* **Dataset extract**
[Start of section]

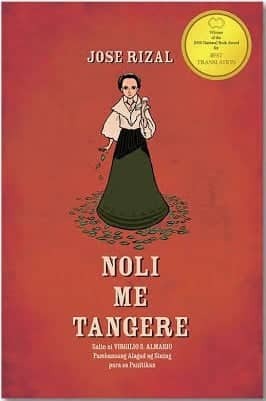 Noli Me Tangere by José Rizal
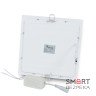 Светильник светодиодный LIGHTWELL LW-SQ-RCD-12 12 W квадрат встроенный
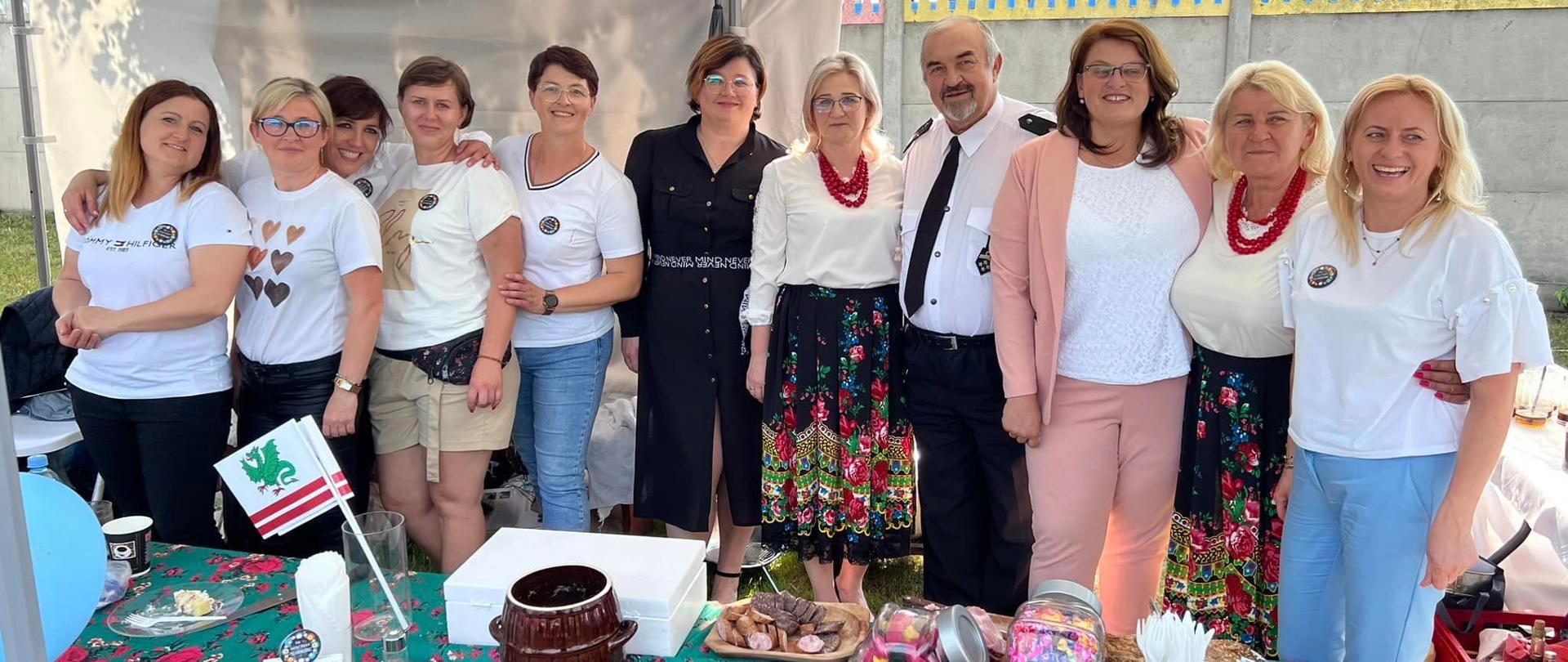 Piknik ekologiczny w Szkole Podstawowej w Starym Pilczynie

[End of section]

* **Task directions**
Once the pictures are set aside, please reproduce the remaining material word for word.

* **Reply to the exercise**
 Noli Me Tangere by José Rizal
 Светильник светодиодный LIGHTWELL LW-SQ-RCD-12 12 W квадрат встроенный
 Piknik ekologiczny w Szkole Podstawowej w Starym Pilczynie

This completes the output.